What kinds of things can be taken?
If your creditors or a person you hurt wins a lawsuit against you, they could take your money, property, cars, boats, jewelry, and just about anything else of value. If you don’t have enough physical assets to pay off a judgment, you might have to give a portion of your wages to the person or business who sued you and won until they get what a court says you owe them.
Besides wages, other expected future assets can also be taken away. Some examples are commissions, royalties, tax refunds, insurance payouts, stock dividends, stock options, and even some types of trust income. Assets from the past that you recently gave to someone else could also be seized.
Edward Y. Lee, the principal trial attorney at the Law Offices of Edward Y. Lee in Los Angeles, said, “When lawsuits cause people to lose their assets, it’s usually because their insurance coverage isn’t enough and their unprotected assets are valuable enough that a lawyer for the person being sued has a reason to go to trial and get a judgment.” “Post-judgment collections usually lead to the loss of assets that are not protected.”
What kinds of money are safe from a lawsuit?
State law says that creditors can’t take some of your property, especially your main home. The National Consumer Law Center says that exemption laws are meant to protect consumers and their families from poverty, keep them able to be productive members of society and help them recover and get back on their feet financially (NCLC). Which assets you can protect and how much you can protect them vary from state to state.
The NCLC has five rules about how to protect family finances from creditors. Not a single state meets all five. Massachusetts and Nevada are the best states, while Georgia, Kentucky, Michigan, New Jersey, and Utah are the worst.
Find out more by looking at the list of properties that can’t be used to collect money judgments in your state. Here are a few examples of protections you may have.
If your homestead exemption is higher than the value of your home, creditors can’t force you to sell your home to get what they are owed. If the amount of your exemption is less than the value of your home, the creditor may be able to put a judgment lien on your home and force you to sell it.
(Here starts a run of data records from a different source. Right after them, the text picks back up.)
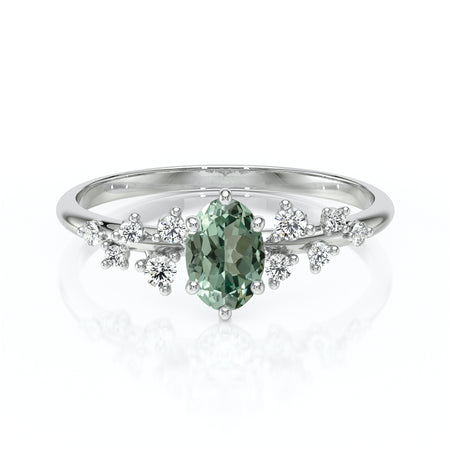 Solitaire accompagné saphir vert et diamant Pluie d'étoiles - 11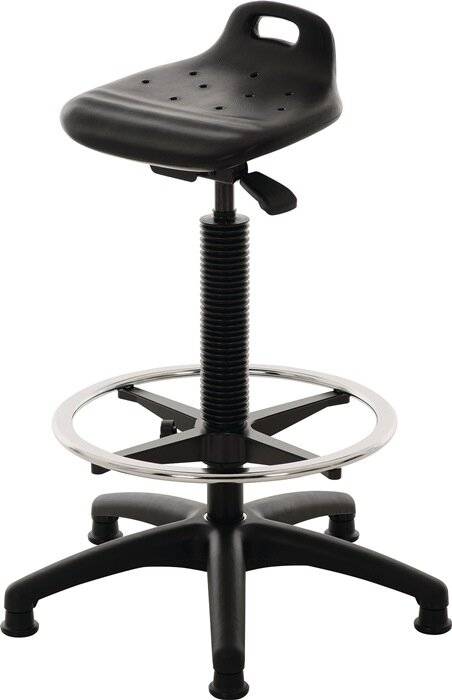 Stehhilfe PU-Integralschaum Sitz-H.570-820mm Ku.-Fußkreuz Fußring u.Bodengl.LOTZ-3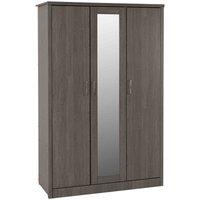 Seconique Lisbon 3 Door Wardrobe - Black Wood Grain, Grey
After the debts are paid off, any equity left over from the sale should go to the former homeowner.
The debtor’s home is usually safe from most claims under Texas’s property code unless the claim is related to a mortgage or property tax debt, home improvement or construction work, or the division of property in a divorce. The best homestead protections are in Florida, Iowa, Kansas, and Texas.
The Employee Retirement Income Security Act (ERISA) is a federal law that protects retirement assets that are in retirement or pension plans. This law covers 401(k)s and pension plans as retirement savings.
State laws protect Individual Retirement Accounts (IRAs) and other plans that aren’t covered by ERISA in different ways. Once you take money out of a protected retirement account, you may no longer be protected from your creditors. But most of the time, these protections don’t apply when the lawsuit is about divorce.
Depending on your state, you might be able to protect some or all of the cash value in a life insurance policy you own. Income from an annuity could do the same.
Federal and state benefits
The Consumer Financial Protection Bureau says that debt collection lawsuits can’t be used to take back federal benefits like Social Security and Veterans Administration benefits that are paid by direct deposit.
Social Security isn’t just about getting money when you retire. It also includes survivor’s benefits, benefits for a spouse or child who depends on them, supplemental security income, and income for people who are disabled.
Transportation basics and other needs
You might be able to keep a personal car worth up to a certain amount of money. The same goes for furniture and appliances for the home, clothes, jewelry, and some things that are needed to make a living.
Basic income and the amount of money in a bank account
State laws may protect you from being poor by keeping creditors from taking a certain amount of money from your bank account.
Some of your wages are protected from creditors by federal law. States can make their own laws that are either more protective or the same as federal law.
What a romantic partner has to offer
Lee said that if you live with someone but aren’t married, their assets can’t usually be taken from them if you get sued. “However, it is a possibility in states that allow common-law marriage.”
After a lawsuit has been filed, how do you protect assets?
Laws vary from state to state, but in most states, courts can throw out certain transfers of money and property that you make after a lawsuit has been filed against you or even after you’ve been threatened with one.
Let’s say a creditor is threatening to sue your parents, and you want to know if they should give you their assets instead of risk losing them.
“If assets are given to adult children without fair compensation in return in order to avoid paying a possible debt, the transfer could be seen as fraudulent, the transferee could be held liable, or the assets could be taken back,” Lee said.